● **EXERCISE PROMPT**
Write out exactly the lines from the one holding "Hotel Lestari Near" to the last line of the entries, both ends included and nothing else, without the pictures.

----- INPUT RECORDS

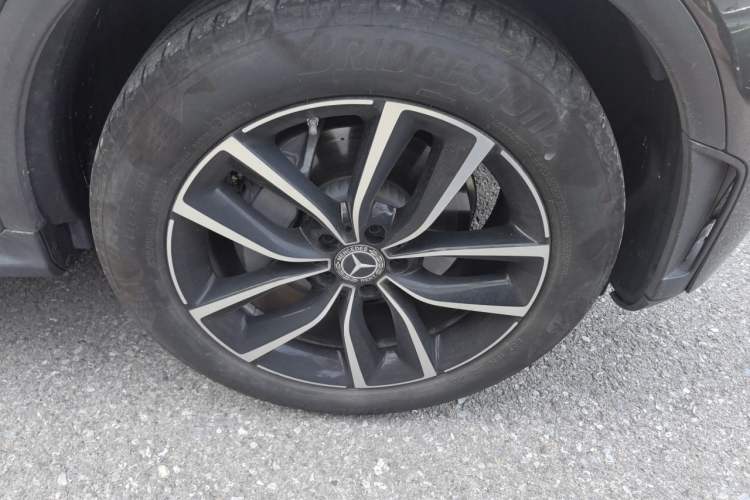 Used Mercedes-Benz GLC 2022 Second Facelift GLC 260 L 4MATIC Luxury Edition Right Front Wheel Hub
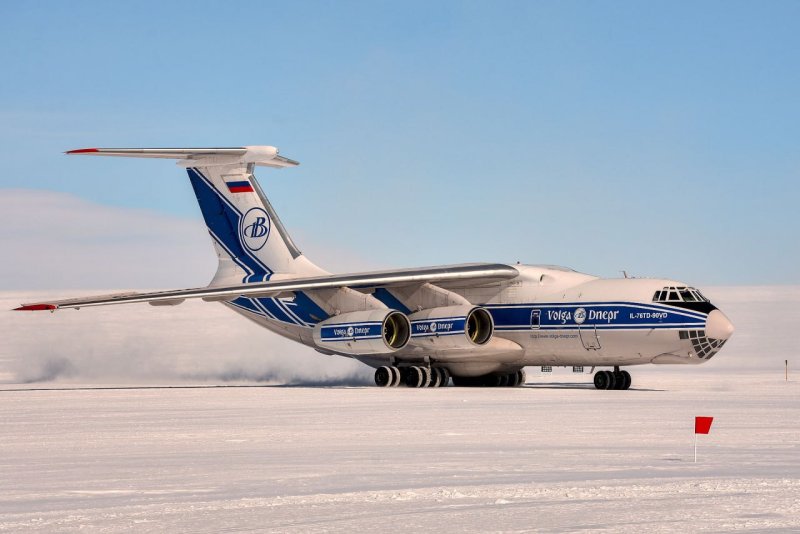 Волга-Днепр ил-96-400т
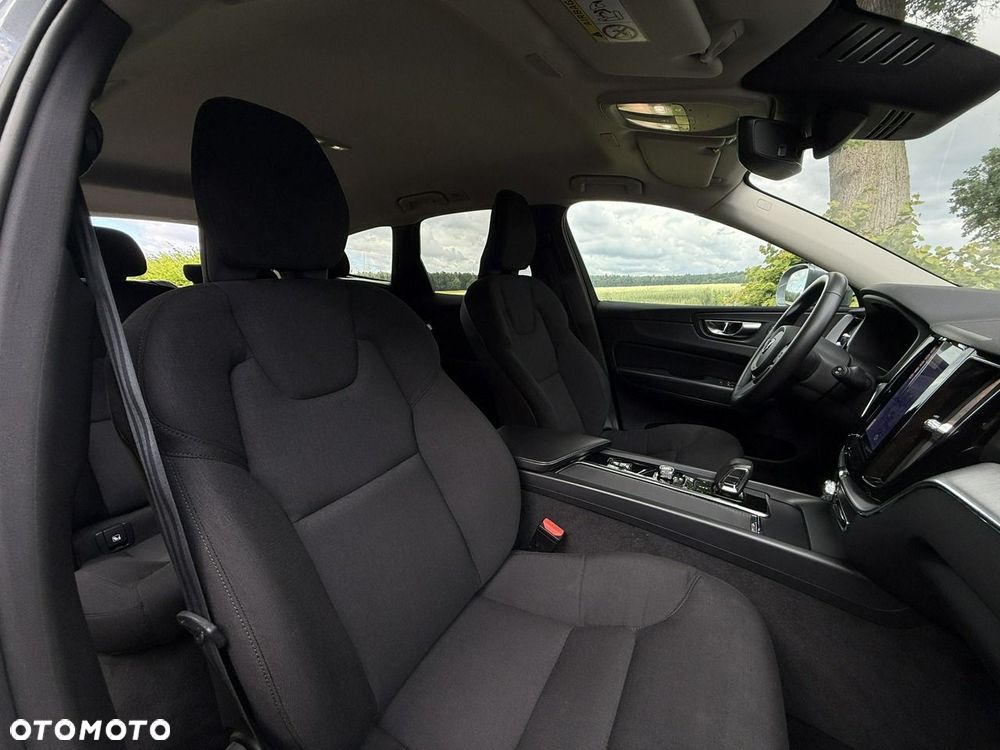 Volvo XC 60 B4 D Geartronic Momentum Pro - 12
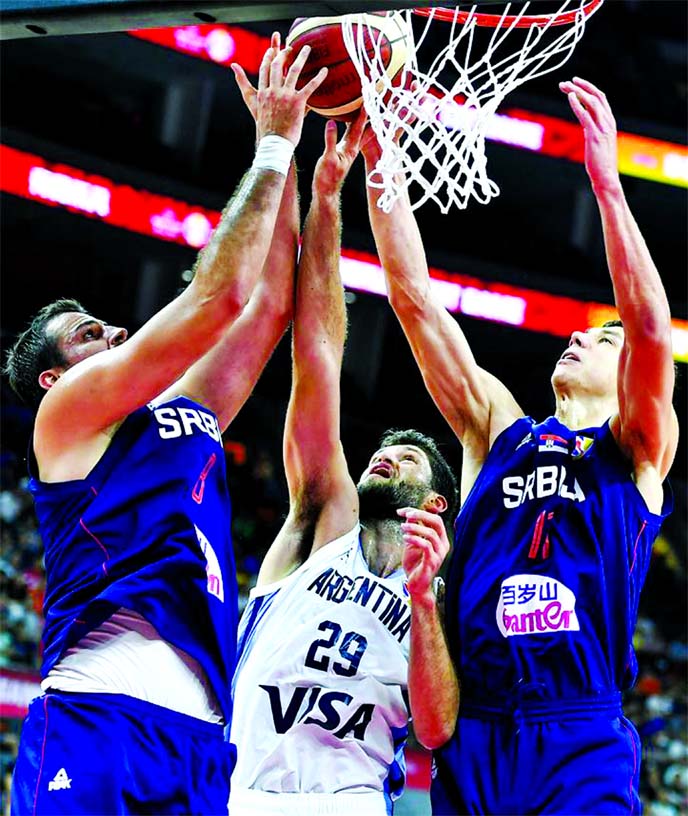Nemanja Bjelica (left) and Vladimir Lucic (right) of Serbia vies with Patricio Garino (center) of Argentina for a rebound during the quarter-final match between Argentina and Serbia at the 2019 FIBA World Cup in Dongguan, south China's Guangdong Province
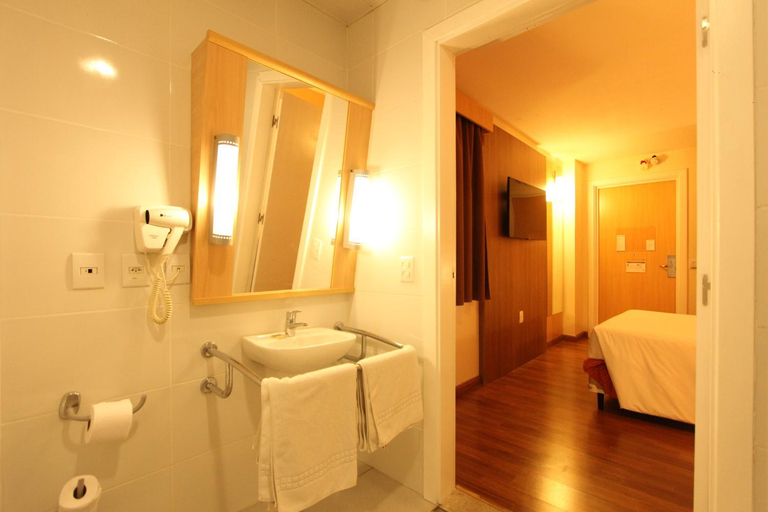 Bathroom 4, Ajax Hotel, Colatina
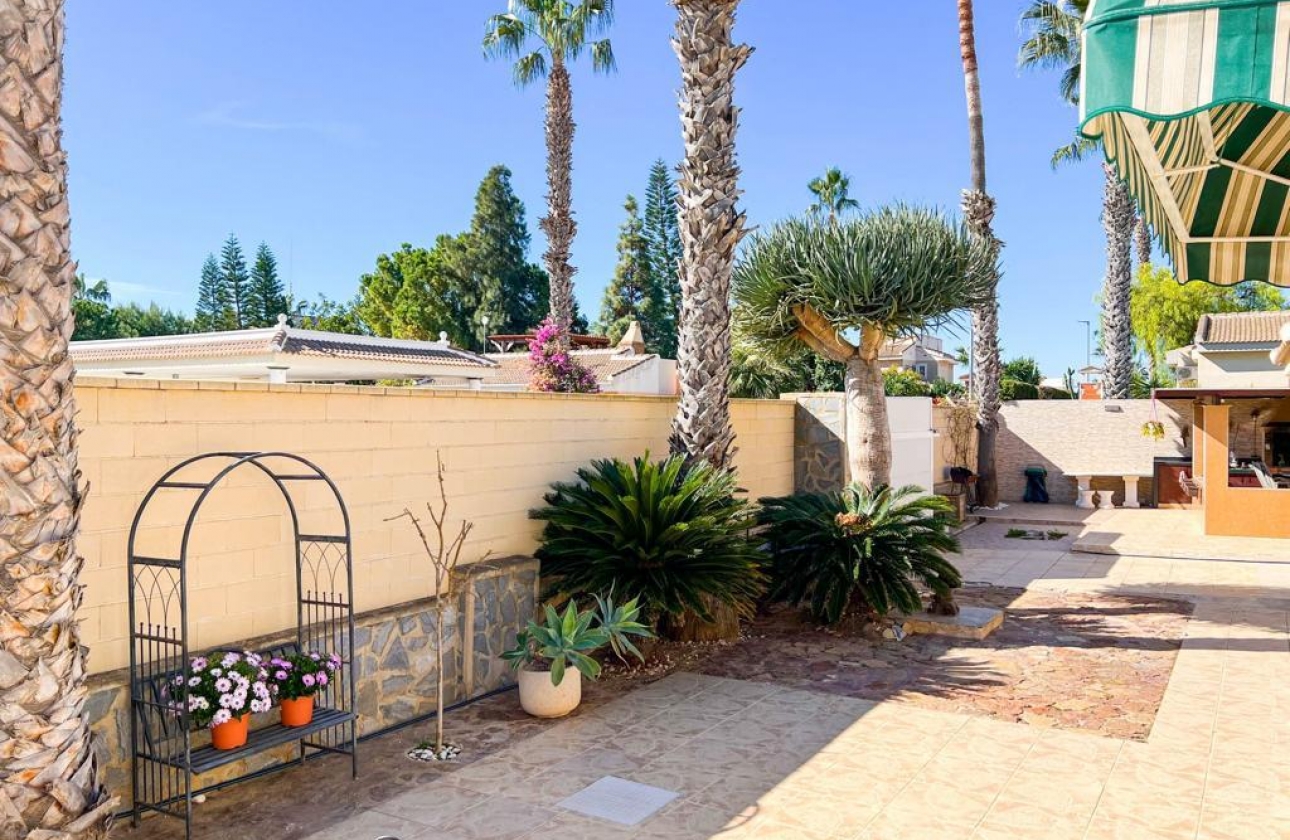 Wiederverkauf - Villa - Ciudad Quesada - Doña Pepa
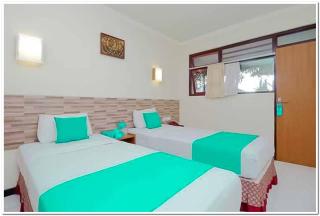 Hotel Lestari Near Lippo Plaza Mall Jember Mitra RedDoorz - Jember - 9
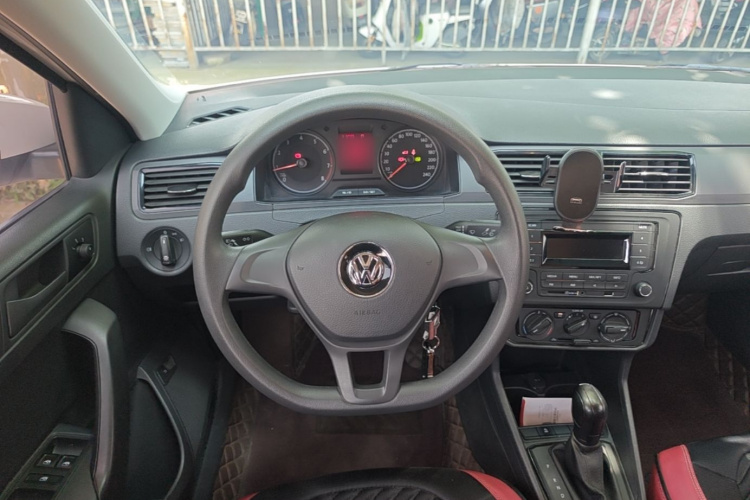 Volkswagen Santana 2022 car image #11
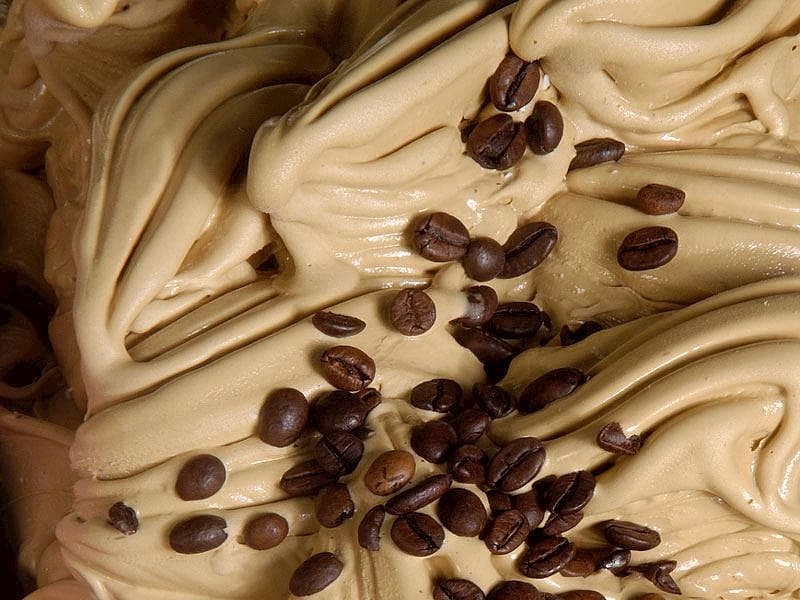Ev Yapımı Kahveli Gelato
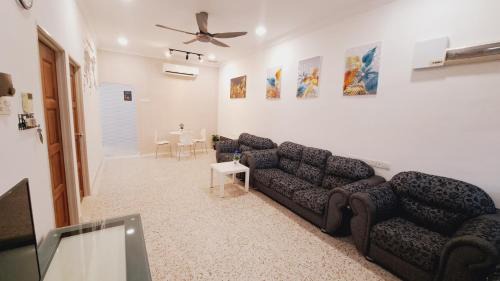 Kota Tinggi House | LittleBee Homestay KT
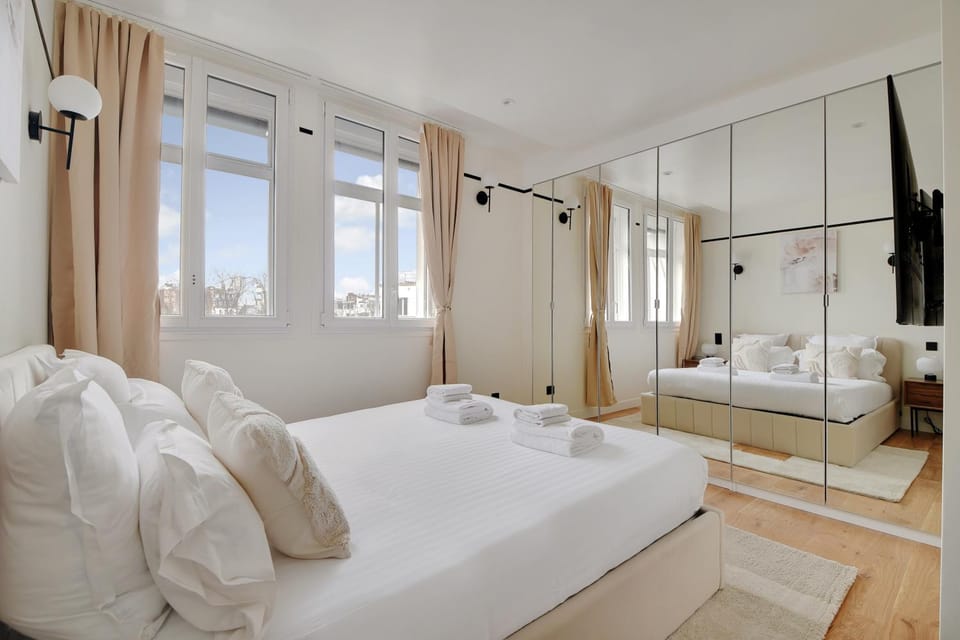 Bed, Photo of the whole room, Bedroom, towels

----------

● **RESULT OF THIS EXERCISE**
 Hotel Lestari Near Lippo Plaza Mall Jember Mitra RedDoorz - Jember - 9
 Volkswagen Santana 2022 car image #11
Ev Yapımı Kahveli Gelato
 Kota Tinggi House | LittleBee Homestay KT
 Bed, Photo of the whole room, Bedroom, towels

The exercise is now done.